Даже «Три философа» не произвели на него никакого впечатления. Он прочитал: «Три философа. Холст, 124x145 см. Предоставлено Музеем истории искусства. Вена». Ага, Вена. Три философа. Да еще какие. Трое мужчин, различного возраста, по-разному одеты, один сидит, двое стоят, на природе. Это ему ничего не говорило. Вот если бы Левингер был рядом, тогда другое дело. Он бы мог точно сказать, кто эти три философа и какие философские течения они представляют. Ему картина ничего не сказала. Что можно сказать по этому поводу? Что трое мужчин, которые по-разному одеты, производят впечатление более или менее старых, или, если можно так выразиться, находятся на большем или меньшем историческом удалении? И, если на картине изображены три философа, как объяснить то, что один из них, тот, который моложе и современнее всех, сидел в одиночестве? И как понять, почему он сел на землю рядом со старыми философами? Лео их не видел, не думал об этом, так к чему обсуждать? На этой выставке он был школьником. Вокруг одни картины, а у него перед глазами предстоящая встреча. Теория искусства, Три философа, философия, ничего из этого Лео обсуждать не хотел. В каком восторге была Юдифь от Джорджоне. Лео оставалось только соглашаться с ней. Да-да, величайшее искусство. Никаких сомнений. Они были благосклонны друг к другу. Благосклонность к искусству. Прекрасная основа для благосклонности. Никаких сомнений. В баре, где они у стойки пили аперитив, магнитофон играл итальянские шлягеры, porto del sole, Юдифь невольно улыбнулась, увидев, что Лео с довольным видом покачивается в такт. А что, собственно говоря, произошло с Лукасом? Глаза опущены. Теннисная туфля покачивается в такт. Юдифь уклонилась от ответа на вопрос о Лукасе. Что она могла рассказать? Правду? Я встретила Лукаса вчера вечером в баре напротив нашей гостиницы, он непрерывно потешался над тобой, а в довершение всего я его обидела? Ведь правда есть по сути дела только повод для бесконечных интерпретаций, благодаря которым от нее удаляешься дальше, чем когда молчишь. Никаких интерпретаций. Они молчали, а вокруг царил шум, и в этом шуме можно было покачиваться, двигаться, закуривать сигарету, поднимать свой стакан, будем здоровы! Они сидели, почти вплотную прижавшись друг к другу, эдакая прелюдия к танцу, которая его фактически заменяет.
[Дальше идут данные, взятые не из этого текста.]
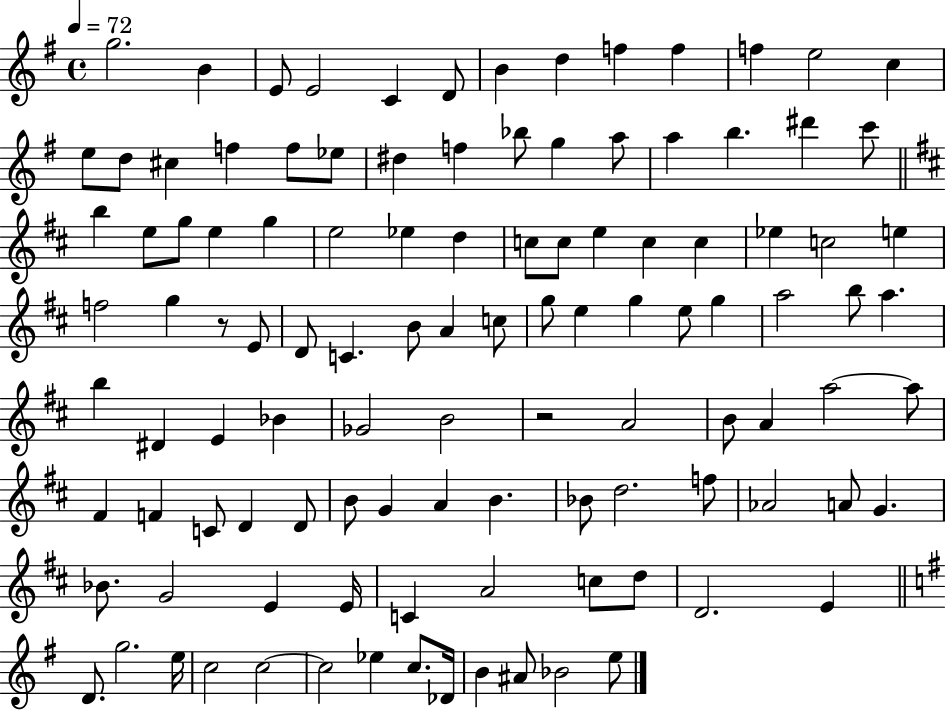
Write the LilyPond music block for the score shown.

Прекрасный день, сказал Лео, потому что теперь день был прекрасен. Иногда просто необходимо, сказала Юдифь, немножко побыть в одиночестве.
Да, безусловно, сказал Лео, он был рад, что остался вдвоем с Юдифью; разве не об этом он мечтал? Двухместный номер для них двоих. Кровать, оказавшаяся лишней потому, что двое лежат в одной постели. Еще два кампари. Да-да, два. Их наверное, принимают за влюбленную парочку.
Они стали парочкой. Они ускользали друг от друга и становились друг другу ближе. Все шло как по маслу. Ужин. Путь домой, в пансион. Гармонично слаженные шаги. Вожделение, одетое в новые одежды и жаждущее обнажения. Комната Лео. Беспомощно многообещающее объятие, еще стоя, после того, как они разделись.
Когда Лео выключил свет, стороннему наблюдателю ничего в темноте уже не было видно. Юдифь была таким сторонним наблюдателем. Почему Лео так груб. И при этом столько пафоса. Было совершенно неясно, в чем состоял этот пафос. Но он был. Он был, его не было, он был, его не было. И ничего не видно. Один человек или два человека. Юдифь встала и нащупала свою одежду. Останься. Я хочу побыть одна. Кровать слишком узкая, а если спать в соседних кроватях, то лучше уж я пойду к себе. К тому же там я могу курить. Этого она не сказала. У меня в комнате бутылка граппы. Этого она не сказала. Мне все это непонятно. Этого она не сказала. И тогда опять было что-то волосатое, мускулистое. Что-то влажное. Что-то невыносимо душное. Судорожные объятия. Всеобъемлющий пафос. Всему этому противостояло изворотливое терпение, мягкий рот, который твердел от жесткого поцелуя, тело, которое гибко трется о другое тело, от которого ускользает. И на выдохе — пожелание доброй ночи. И как молния — свет, когда дверь открылась и снова закрылась.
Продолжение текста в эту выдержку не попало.